**Required action:** Would you set down the data that follows, word for word, without any pictures?

☆ ☆ ☆ ☆ ☆ ☆ ☆

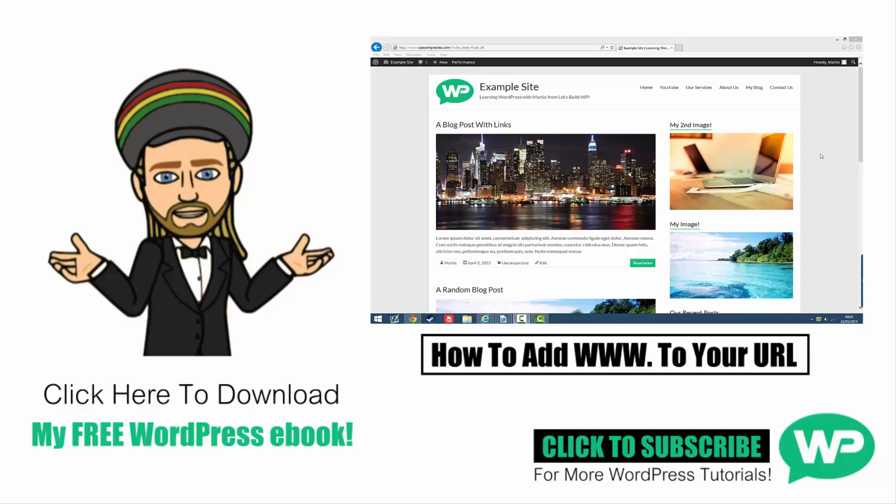I hope you found this video useful, and if you have, please give it a like, and subscribe to my YouTube channel for more videos like this one. Once again, my name's Marty from letsbuildwp.com, and thank you very much for watching my video.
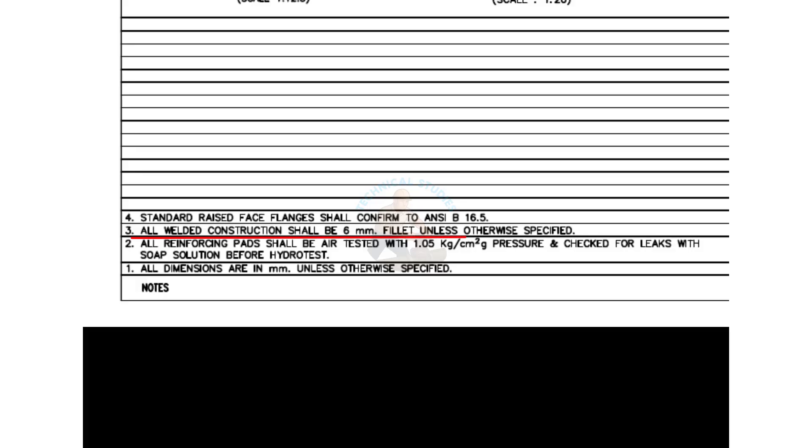All welded construction shall be 6 millimeters and less, unless otherwise specified. Standard raised face flanges shall conform to ANSIB 16.5. Before starting the work, you must read and make sure you clearly understand these notes. This is very important.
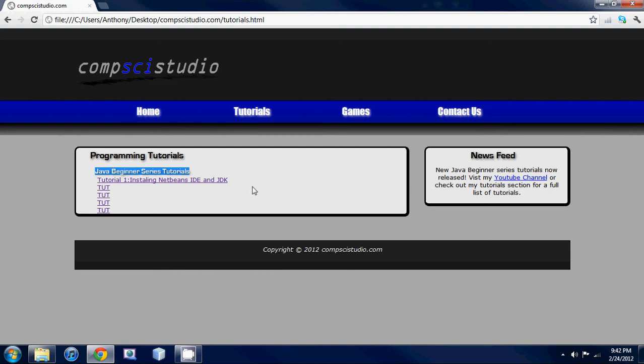I'm not just going to be doing Java programming. If you guys want to learn more than one language, I'm going to be teaching C#, maybe some C++, some C. I'm going to be doing lots of languages.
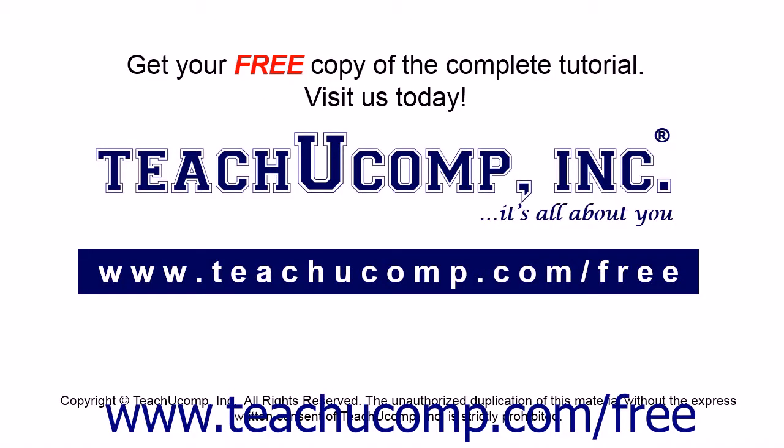Get your free copy of the complete tutorial at www.teachucomp.com forward slash free.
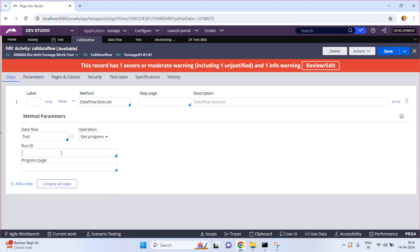I hope you understand how to call a data flow using an activity. Thank you.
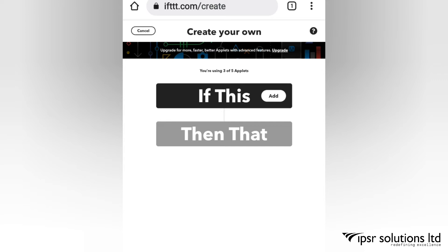If you click on Create, you will get a page like this. This is what IFTTT stands for: 'If This Then That.' Now you understand how the name IFTTT came about.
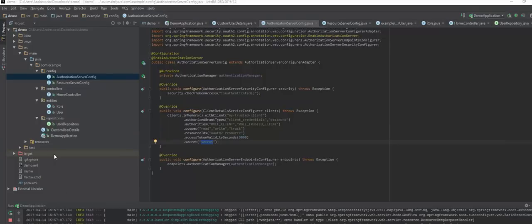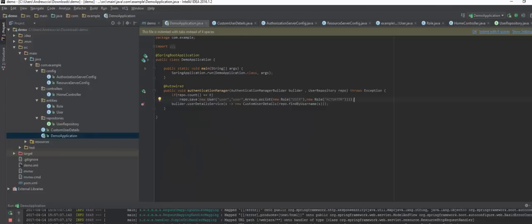You can do all kinds of stuff now. You can go back to the home controller on the demo application — I did a quick repo.save here, but you can create a registration form, a registration endpoint, whatever you want. It's up to you. This is just an introductory tutorial to help you out with JPA and OAuth. Thank you for watching and have a good one.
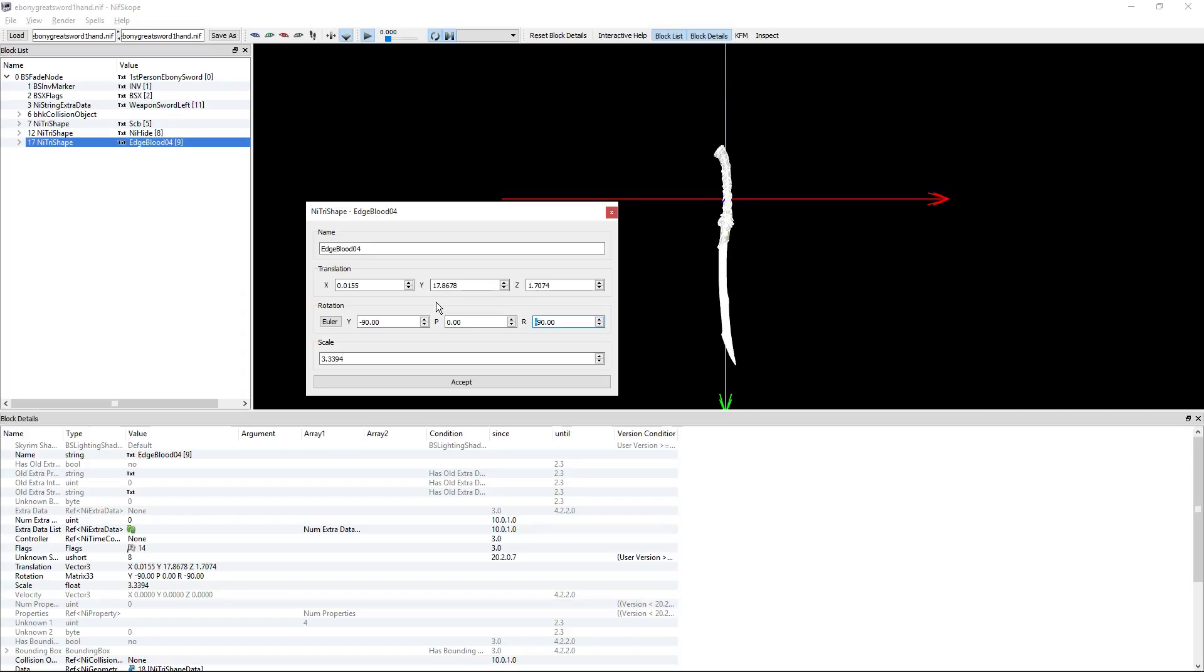Now you're going to want to change the R to be 180 degrees from what it looks like in the viewport. So here it is negative 90, and you can just change it to positive 90 and it flips it around.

☆ ☆ ☆ ☆ ☆ ☆ ☆

**Written answer:**
I hope you found this video useful, and if you have, please give it a like, and subscribe to my YouTube channel for more videos like this one. Once again, my name's Marty from letsbuildwp.com, and thank you very much for watching my video.
All welded construction shall be 6 millimeters and less, unless otherwise specified. Standard raised face flanges shall conform to ANSIB 16.5. Before starting the work, you must read and make sure you clearly understand these notes. This is very important.
I'm not just going to be doing Java programming. If you guys want to learn more than one language, I'm going to be teaching C#, maybe some C++, some C. I'm going to be doing lots of languages.
Get your free copy of the complete tutorial at www.teachucomp.com forward slash free.
I hope you understand how to call a data flow using an activity. Thank you.
If you click on Create, you will get a page like this. This is what IFTTT stands for: 'If This Then That.' Now you understand how the name IFTTT came about.
You can do all kinds of stuff now. You can go back to the home controller on the demo application — I did a quick repo.save here, but you can create a registration form, a registration endpoint, whatever you want. It's up to you. This is just an introductory tutorial to help you out with JPA and OAuth. Thank you for watching and have a good one.
Now you're going to want to change the R to be 180 degrees from what it looks like in the viewport. So here it is negative 90, and you can just change it to positive 90 and it flips it around.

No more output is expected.